Fig. 4.. Thymic CD301b⁺ cDC2 require type 2 cytokines.

(a) Heatmap displaying the relative expression of leading-edge genes from the PID_IL4_2PATHWAY gene set among sorted thymic XCR1⁺ cDC1, CD301b⁻ cDC2, and CD301b⁺ cDC2 from 8-week-old C57BL/6 mice. (b) Gene set enrichment analysis showing the enrichment for IL-4 signature genes among sorted thymic CD301b⁻ cDC2 and CD301b⁺ cDC2. NES, normalized enrichment score. FDR q-value, false discovery rate. (c) Heatmap displaying the relative expression of leading-edge genes from the GNF2_STAT6 gene set among sorted thymic XCR1⁺ cDC1, CD301b⁻ cDC2, and CD301b⁺ cDC2 from 8-week-old C57BL/6 mice. (d) Gene set enrichment analysis showing the enrichment of STAT6 related genes among sorted thymic CD301b⁻ and CD301b⁺ cDC2. NES, normalized enrichment score. FDR q-value, false discovery rate. (e) Representative flow cytometry of thymic XCR1⁺ cDC1, CD301b⁻ cDC2, and CD301b⁺ cDC2 stained for PDL2 (left) and PDL2 gMFI (right) in C57BL/6 mice (n=3). (f) Representative flow cytometry of XCR1⁺ cDC1 (top; magenta gate) and SIRPα⁺ cDC2 (top; teal gate) and CD301b⁺ DC2 (bottom; green gate) from BALB/c.BYJ (left), IL-4 KO (middle left), IL-13 KO (middle; from separate experiment), IL-4Rα KO (middle right), and CD1d KO (right) mice, all on a BALB/c background. Numbers adjacent to outlined areas represent percent cells in each. (g) Frequency of CD301b⁺ among SIRPα⁺ cDC2 in thymus of BALB/c.BYJ (n=15), IL-4 KO (n=10), IL-13 KO (n=4), IL-4Rα KO (n=8), and CD1d KO (n=6) mice. Six to twelve-week-old male and female mice (e, f) were used. Each dot represents an individual mouse (e, g).

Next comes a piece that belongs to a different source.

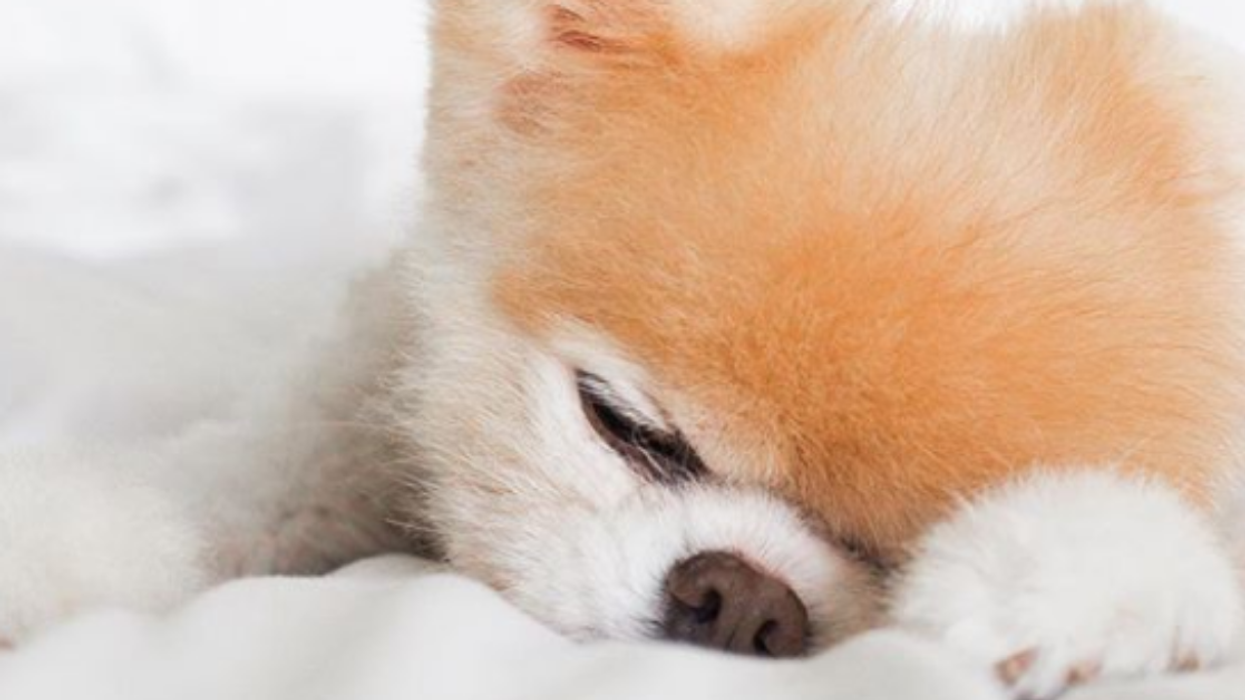 The Internet Is In Mourning After Boo, 'The World's Cutest Dog,' Dies At Age 12 😢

Small horizontal lines indicate the mean, and error bars represent SD. Data are representative of at least three independent experiments (e, f), are pooled from at least three independent experiments (g). ns=not significant, *P<0.05, ****P< 0.0001. One-way ANOVA with Tukey’s multiple comparisons test was used.

Fig. 5.. CD301b⁺ cDC2 mediate clonal deletion.

(a) Experimental strategy for eGFPp immunization. (b) Representative flow cytometry of eGFPp–IA^b–PE and eGFPp–IA^b–APC staining of tetramer-enriched CD4 T cells from pooled spleens and lymph nodes of Mgl2^WT (n=7) and Mgl2^eGFP+/− (n=9) mice 10 days after immunization with 100μg eGFPp emulsified with CFA. (c) Total eGFPp–IA^b–tetramer-binding CD4 T cells (as in Fig. 5b). (d) Experimental strategy for selective depletion of CD301b⁺ cDC2 (Mgl2^DTR). (e) Frequency of CD5⁺ TCRβ⁺ cleaved caspase 3⁺ thymocytes among CCR7⁺ CD4 T cells in Mgl2^WT (n=9) or Mgl2^DTR (n=8) mice following 9 days of diphtheria toxin treatment (gated as in Extended Data Fig. 8). (f) Frequency of mature (CD4⁺CD25⁺FOXP3⁺) Tregs in Mgl2^WT (n=9) or Mgl2^DTR (n=8) mice following 9 days of diphtheria toxin treatment. (g) Experimental strategy for selective depletion of CD301b⁺ cDC2 and further bulk RNA sequencing of TCRs. (h) Changes in mean CDR3 peptide CPM (counts per million reads mapped) in Tregs (left graph) and CD4⁺ Tconvs (right graph) from Mgl2^WTTcra^+/−Tclib^TgFoxp3^eGFP and Mgl2^DTRTcra^+/−Tclib^TgFoxp3^eGFP mice (n=4 mice per genotype). The Log10 FDR (False discovery rate) of for each CDR3 peptide CPM is shown. (i) Comparison of numbers of unique TCRs (marked by dashed lines in h) between the Tregs and Tconvs from mice described in h. The color code is similar as in h. Each symbol (c, e) represents an individual mouse. Six to twelve-week-old male and female mice were used except for (h, i) where newborn mice were used. Small horizontal lines indicate mean and error bars represent SD. Data are representative of at least three independent experiments (b), are pooled from at least three independent experiments (c, e, f) or are generated from 4 mice per genotype (h, i). **P<0.01, ***P< 0.001. Two-tailed Unpaired Student’s t test was used.